In the course of its examination, should the auditor determine that a material weakness exists or that there is noncompliance with one or more of the financial-responsibility rules (established either by the SEC or a designated examining authority (DEA) such as the Financial Industry Regulatory Authority), the accountant must immediately notify the broker-dealer’s chief financial officer. Importantly, unlike the proposed rule, the final rule does not limit the notification requirement to instances of so-called material noncompliance. The broker-dealer then is required to notify the SEC if notification of the instance of noncompliance is required under applicable SEC rules. The broker-dealer must, within one business day, send a copy of the notification to its accountant. If the accountant does not receive the notice or does not agree with the notice, the accountant itself must provide a report to the SEC, again within one business day.
The amendments to SEC Rule 17a-5 also require that each clearing or carrying broker-dealer include a representation in its financial statement regarding its independent public accountant that grants access to the SEC and the DEA staff to review audit documentation and authorizes its auditor to discuss findings related to the audit, with the SEC or DEA staff.
In an effort to remove what it views as at least one obstacle to holding auditors liable for misstatements in broker-dealer financial statements, the SEC also amended the rule requiring that broker-dealers file their annual reports with the SIPC at the same time they are filed with the SEC and the DEA. The SEC noted that the SIPC has a legitimate interest in receiving the reports that relate to the maintenance of the SIPC fund and trends in the broker-dealer industry. The rule change is designed to make clear that the SIPC is an intended user of the financial statements.
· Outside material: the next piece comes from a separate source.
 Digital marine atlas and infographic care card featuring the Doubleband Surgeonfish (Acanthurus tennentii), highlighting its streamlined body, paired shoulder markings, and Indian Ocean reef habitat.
The requirement to provide copies of audited reports to the SIPC is effective as of December 31, 2013. All other material changes to the rule are effective on June 1, 2014.
The PCAOB’s New Standards for Broker-Dealer Audits
Consistent with the SEC rule amendments requiring broker-dealer audits to be conducted pursuant to new PCAOB standards, and for broker-dealers to file audited annual compliance or exemption reports, on October 10, 2013, the PCAOB adopted two attestation standards and an auditing standard governing the audits of brokers and dealers.
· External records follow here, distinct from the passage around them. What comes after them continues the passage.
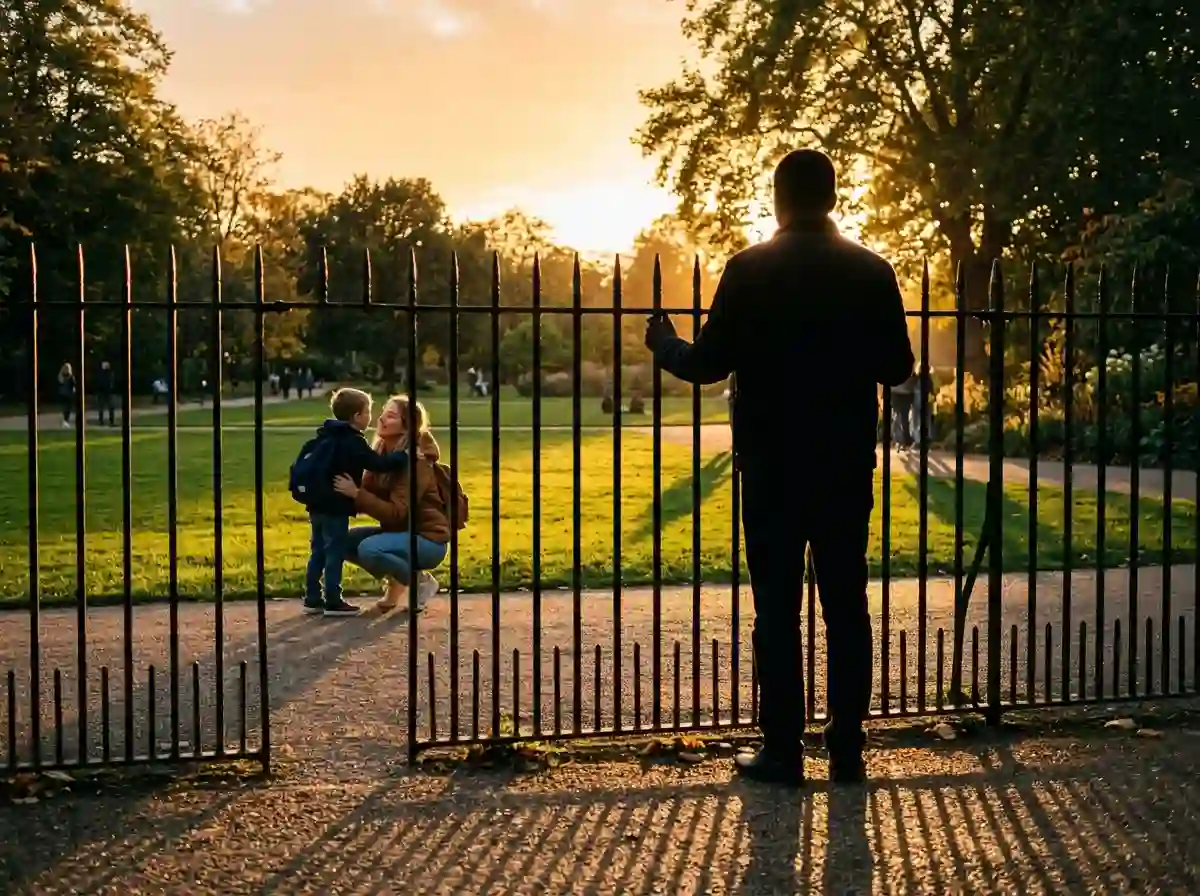 A silhouette of a man watching a mother and child from a distance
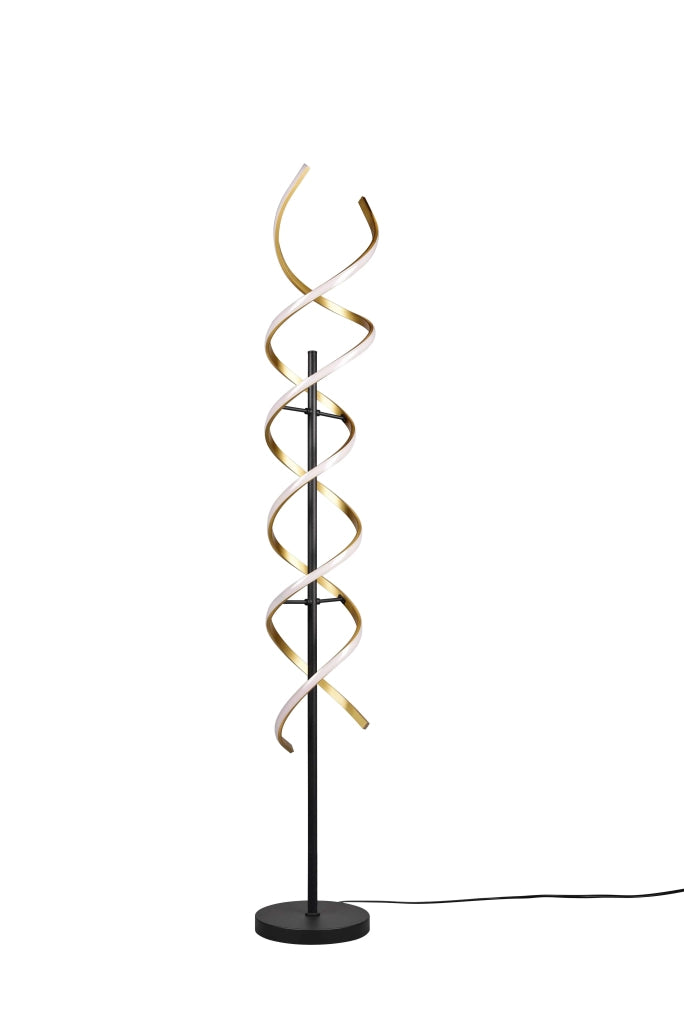 Piantana LED spirale, metallo, ottone e nero, H 150 cm, Sequence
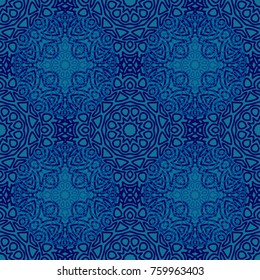 Seamless Ethnic Pattern with Mandalas. Arabesque Rapport for Print, Calico, Chintz, Wallpaper. Damask Motif in Vintage Style. Seamless Texture for Ethnic Design.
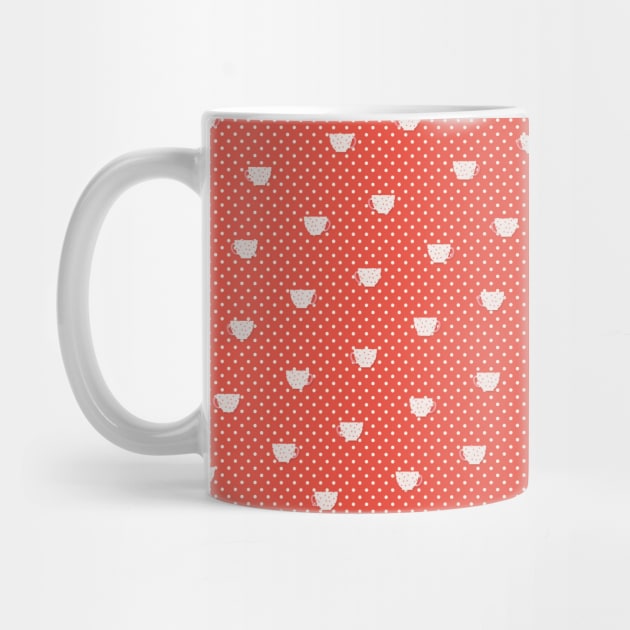 Tea Cup Mask Neck Gator Red Teacups by DANPUBLIC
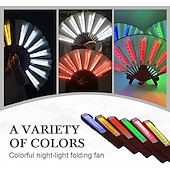 お買い得  イベントとパーティー用品-ブーツオングラウンドファン、パーティー用LEDハンドファン、折りたたみ式の女性用ラインクラッキングダンス用ライトアップファン、ラインダンスポッピングファン、ハンドファンの光るステージパフォーマンス、誕生日の結婚式の装飾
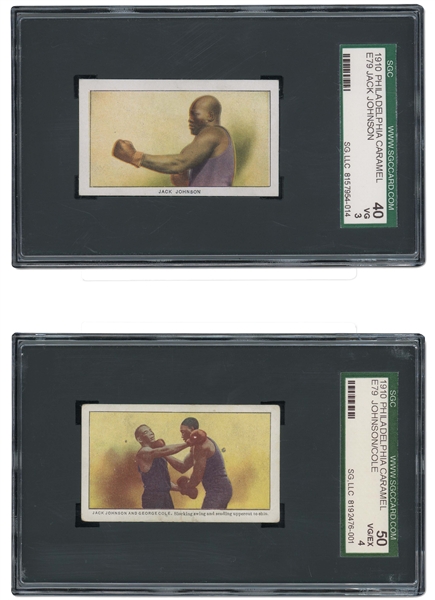 1910 E79 PHILADELPHIA CARAMEL "27 SCRAPPERS" PAIR OF JACK JOHNSON SIDE VIEW (SGC VG 3) AND JOHNSON/COLE (SGC VG/EX 4)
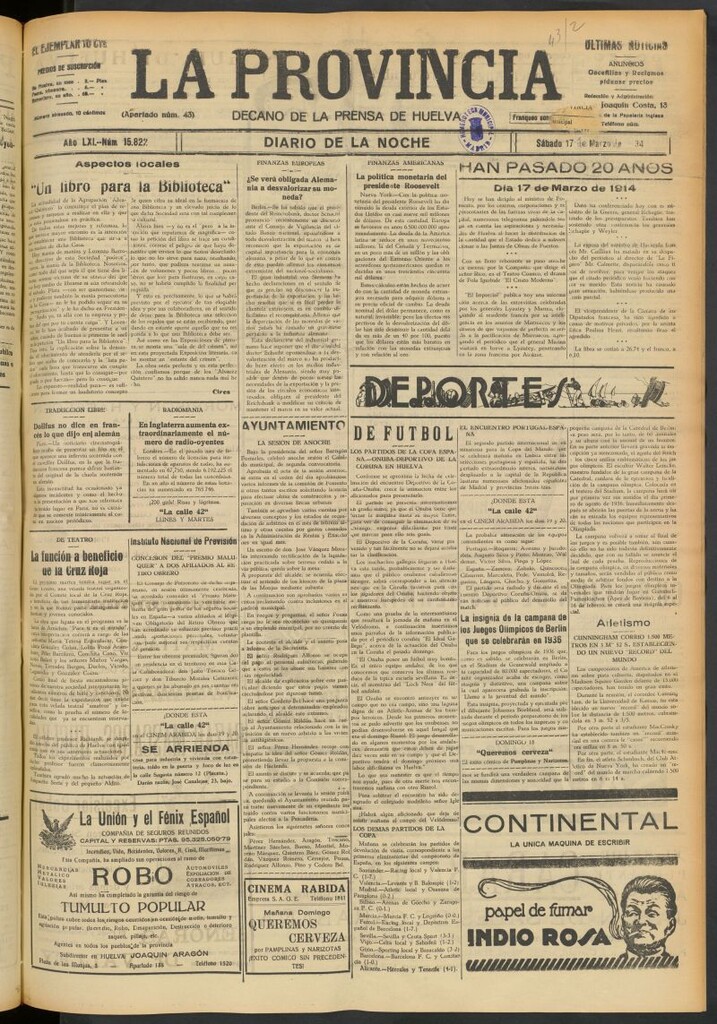 Miniatura de La Provincia : diario de la noche del 17 de marzo de 1934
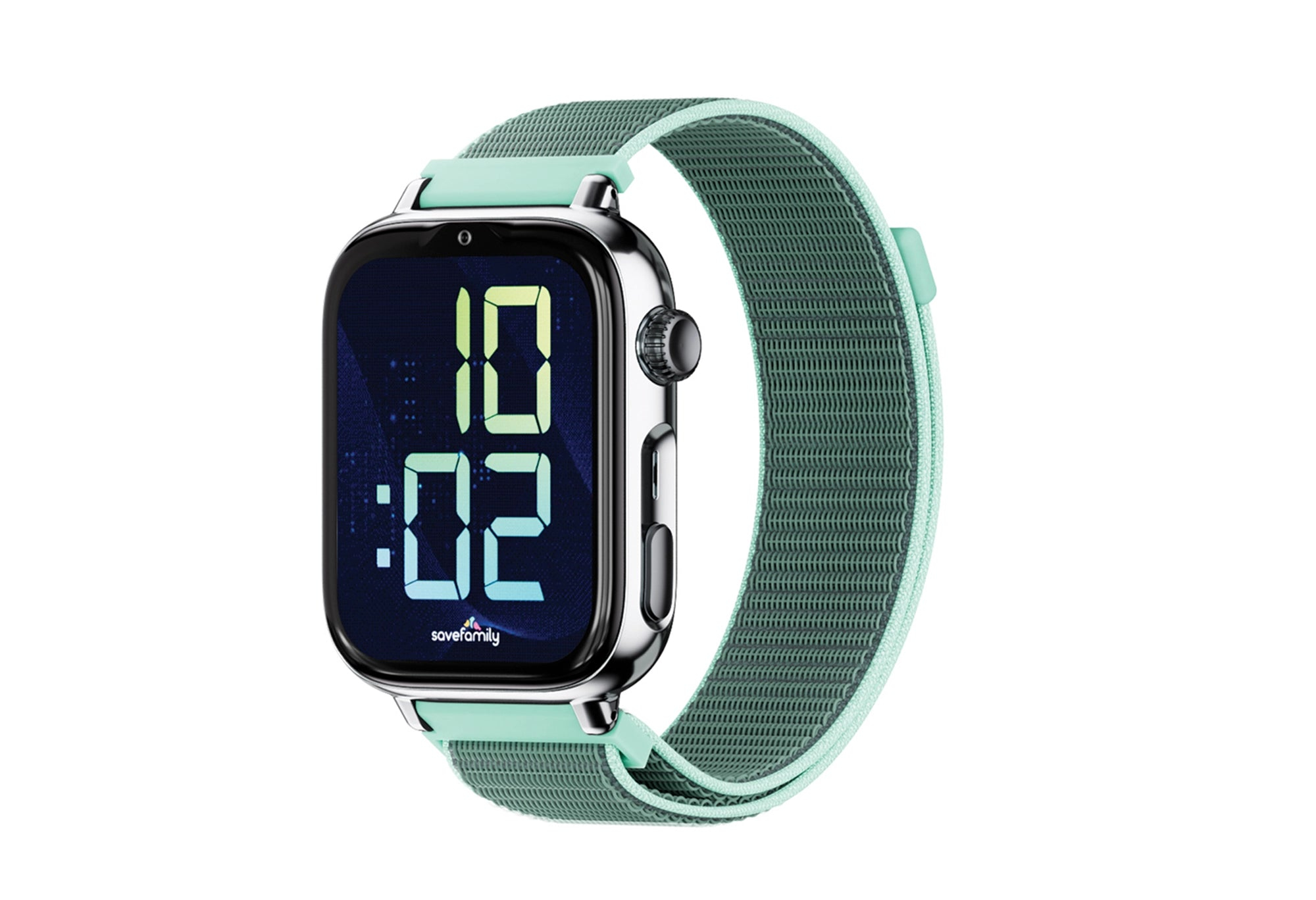 Un orologio smart verde che mostra le 10:02 in digitale.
The PCAOB’s new attestation standards for broker-dealer audits. The two new attestation standards designed for broker-dealer audits specifically cover the auditor’s examination of compliance reports and review of exemption reports required by the SEC’s amendments to Rule 17a-5, discussed above. See PCAOB Release No. 2013-007.
Attestation Standard No. 1, governing the examination of broker-dealer compliance reports, requires auditors to obtain sufficient evidence to offer an opinion on the broker-dealer’s statements that internal control over compliance was effective during and as of the end of the fiscal year, that the broker-dealer was in compliance with the net capital and reserve requirements rule, and that the information used to state such compliance was derived from the broker-dealer’s books and records.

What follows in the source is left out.